Taming anxiety and variation in laboratory mice

Portrait of Professor Jane Hurst

At a glance

Award date
October 2010 - September 2014
Grant amount
Principal investigator
Professor Jane Hurst
University of Liverpool


  • Refinement
Read the abstract
View the grant profile on GtR


Project background

Routine husbandry and experimental procedures require laboratory animals to have frequent contact with humans. The handling and restraint required during procedures can evoke anxiety and stress in the animals, with accompanying changes in neurochemistry. Currently, the most common method for handling a mouse is to pick it up by the base of the tail, however Professor Hurst has demonstrated this method is aversive to mice causing both stress and anxiety1. Conversely, alternative handling methods such as running mice into a tunnel or scooping mice up on the hand (known as cupping) promote positive responses to human contact.

Why we funded it

This PhD Studentship aims to establish easily implemented practical handling approaches to promote the use of refined mouse handling methods and restraint procedures. The impact of these approaches on the performance of animals in behavioural experiments will also be established.   

The majority of experimental procedures in the UK involve mice, with approximately 70% of all procedures recorded using mice. Approximately two million mice annually are used in procedures regulated by the Animals (Scientific Procedures) Act 1986 and recorded in the Home Office Statistics of Scientific Procedures on Living Animals. This estimate excludes animals used in non-regulated procedures.

Research methods

Anxiety and stress are known to impact a broad range of behavioural and physiological responses, impairing animals in their ability to respond to stimuli or learn/solve specific tasks. Many of these responses are analysed in scientific research and testing, for example in behavioural tests. Any stressors, including handling and restraint, impacting on mouse behaviour can cause issues with reproducibility and variation within studies. In addition to establishing non-aversive methods of handling, this studentship will explore whether these approaches reduce variation in experiments likely to be influenced stress and anxiety responses.
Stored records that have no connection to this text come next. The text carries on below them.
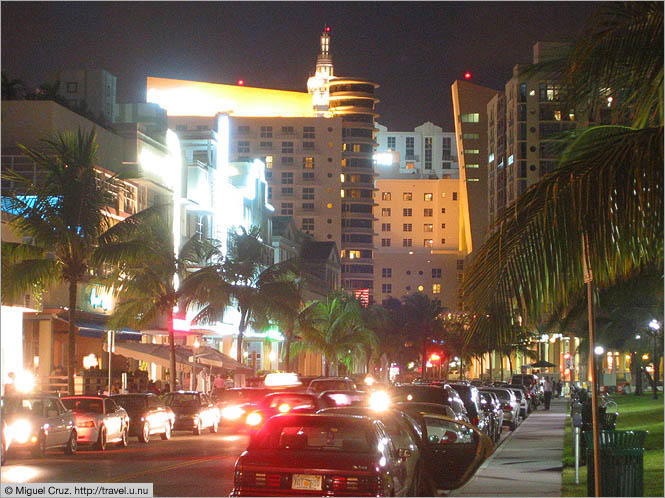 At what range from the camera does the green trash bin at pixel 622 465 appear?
14820 mm

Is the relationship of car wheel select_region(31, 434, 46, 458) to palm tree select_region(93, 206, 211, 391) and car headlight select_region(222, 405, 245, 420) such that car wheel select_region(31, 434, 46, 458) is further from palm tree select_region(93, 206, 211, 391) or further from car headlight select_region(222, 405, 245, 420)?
car headlight select_region(222, 405, 245, 420)

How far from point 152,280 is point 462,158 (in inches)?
5686

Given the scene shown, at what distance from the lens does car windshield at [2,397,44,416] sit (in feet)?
77.3

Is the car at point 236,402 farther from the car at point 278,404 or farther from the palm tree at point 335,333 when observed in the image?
the palm tree at point 335,333

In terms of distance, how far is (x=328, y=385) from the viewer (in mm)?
38312

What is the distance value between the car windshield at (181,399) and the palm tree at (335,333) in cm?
3619

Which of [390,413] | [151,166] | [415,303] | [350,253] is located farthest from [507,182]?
[390,413]

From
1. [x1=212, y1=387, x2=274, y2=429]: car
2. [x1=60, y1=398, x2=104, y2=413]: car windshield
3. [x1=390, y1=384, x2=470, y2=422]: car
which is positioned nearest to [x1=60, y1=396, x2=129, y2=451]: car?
[x1=60, y1=398, x2=104, y2=413]: car windshield

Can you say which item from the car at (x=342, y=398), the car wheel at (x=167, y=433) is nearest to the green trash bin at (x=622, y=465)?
the car at (x=342, y=398)

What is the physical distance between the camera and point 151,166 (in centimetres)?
5534

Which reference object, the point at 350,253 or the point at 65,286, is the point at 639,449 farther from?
the point at 350,253

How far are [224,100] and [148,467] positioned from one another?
14080 cm

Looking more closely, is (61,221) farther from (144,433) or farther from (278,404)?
(278,404)

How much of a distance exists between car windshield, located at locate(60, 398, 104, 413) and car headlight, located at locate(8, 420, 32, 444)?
3678mm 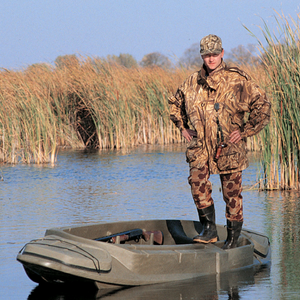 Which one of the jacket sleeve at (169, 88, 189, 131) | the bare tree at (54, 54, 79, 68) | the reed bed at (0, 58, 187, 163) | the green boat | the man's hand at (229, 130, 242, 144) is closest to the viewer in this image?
Result: the green boat

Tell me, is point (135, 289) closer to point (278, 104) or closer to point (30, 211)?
point (30, 211)

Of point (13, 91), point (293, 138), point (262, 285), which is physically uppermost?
point (13, 91)

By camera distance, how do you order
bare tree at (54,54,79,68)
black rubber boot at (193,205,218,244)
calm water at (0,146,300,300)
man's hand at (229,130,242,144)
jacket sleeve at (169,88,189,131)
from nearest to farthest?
calm water at (0,146,300,300) → man's hand at (229,130,242,144) → black rubber boot at (193,205,218,244) → jacket sleeve at (169,88,189,131) → bare tree at (54,54,79,68)

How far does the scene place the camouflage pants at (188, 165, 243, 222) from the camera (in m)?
5.20

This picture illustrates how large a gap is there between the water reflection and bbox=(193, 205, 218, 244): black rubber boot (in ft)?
1.43

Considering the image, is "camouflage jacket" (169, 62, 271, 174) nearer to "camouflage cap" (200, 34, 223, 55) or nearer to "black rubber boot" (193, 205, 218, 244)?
"camouflage cap" (200, 34, 223, 55)

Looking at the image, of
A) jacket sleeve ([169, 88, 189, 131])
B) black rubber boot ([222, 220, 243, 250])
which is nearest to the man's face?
jacket sleeve ([169, 88, 189, 131])

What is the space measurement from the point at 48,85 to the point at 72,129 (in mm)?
1486

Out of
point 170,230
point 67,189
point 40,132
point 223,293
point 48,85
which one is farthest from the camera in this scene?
point 48,85

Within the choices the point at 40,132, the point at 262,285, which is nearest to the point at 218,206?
the point at 262,285

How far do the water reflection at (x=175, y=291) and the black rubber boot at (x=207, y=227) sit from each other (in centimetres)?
44

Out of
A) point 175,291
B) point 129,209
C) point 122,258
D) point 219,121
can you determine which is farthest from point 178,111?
point 129,209

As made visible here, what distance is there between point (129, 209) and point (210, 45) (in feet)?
11.4

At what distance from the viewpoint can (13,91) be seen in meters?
13.4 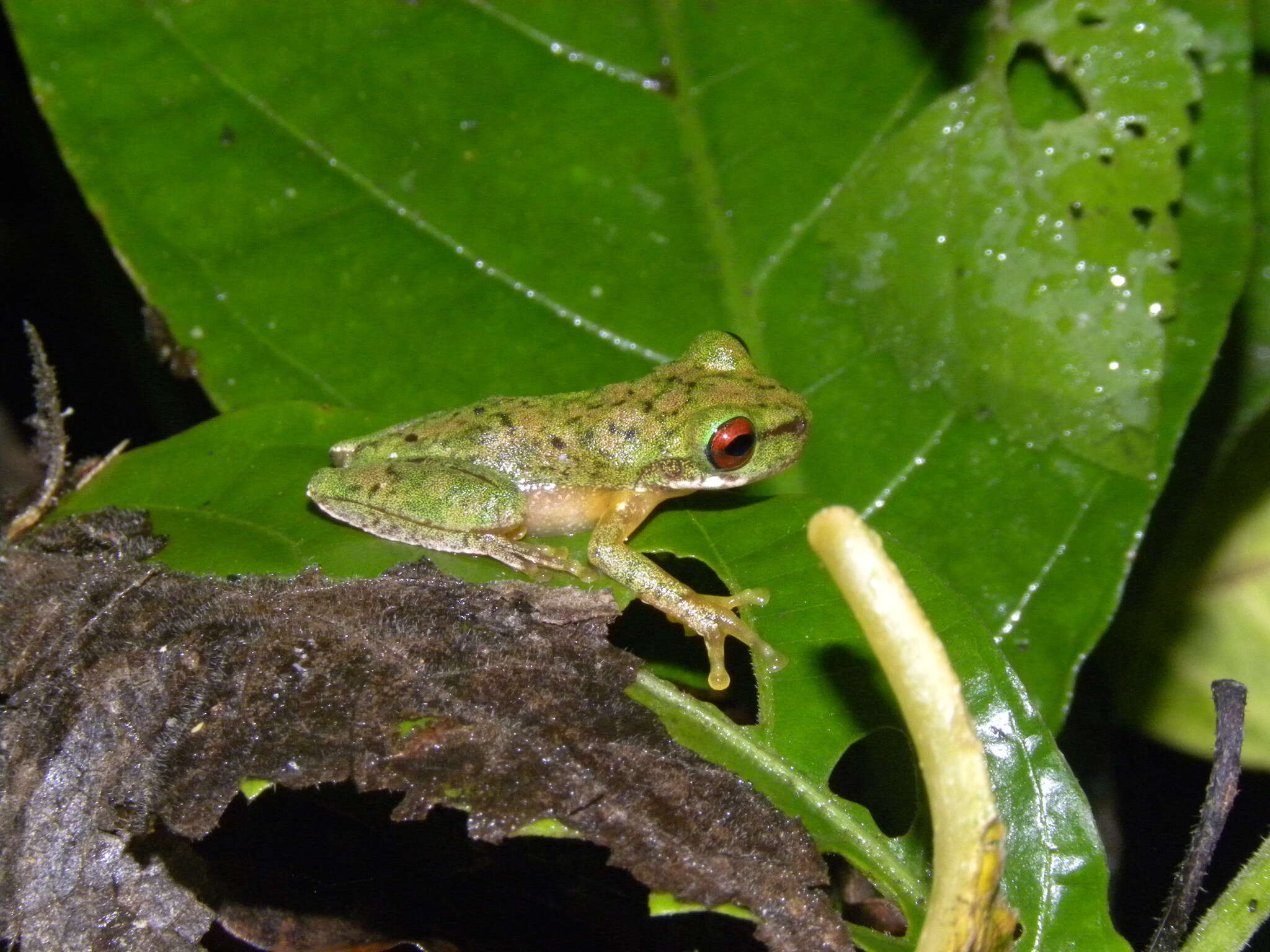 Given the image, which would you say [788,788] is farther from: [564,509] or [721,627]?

  1. Hurst JL, West RS (2010) Taming anxiety in laboratory mice. Nature Methods 7: (825-826). doi:10.1038/nmeth.1500

Application abstract

Routine handling and restraint of laboratory animals has profound - but variable - effects on anxiety, stress physiology and underlying neurochemistry. Recently, we have shown remarkably strong differences in anxiety, aversion and behavioural variation in response to alternative methods for routine handling of laboratory mice. The aim of this studentship will be to extend our initial studies to establish practical approaches that can easily be implemented to reduce anxiety and stress responses of laboratory mice to routine handling, restraint and mild procedures. This has the capacity to substantially improve the lifetime experience of mice used in research. The student will also explore whether such approaches reduce variation in experiments that are likely to be influenced by stress and anxiety responses, and will increase reproducibility between experimenters. This has the potential to reduce the numbers of animals needed for research.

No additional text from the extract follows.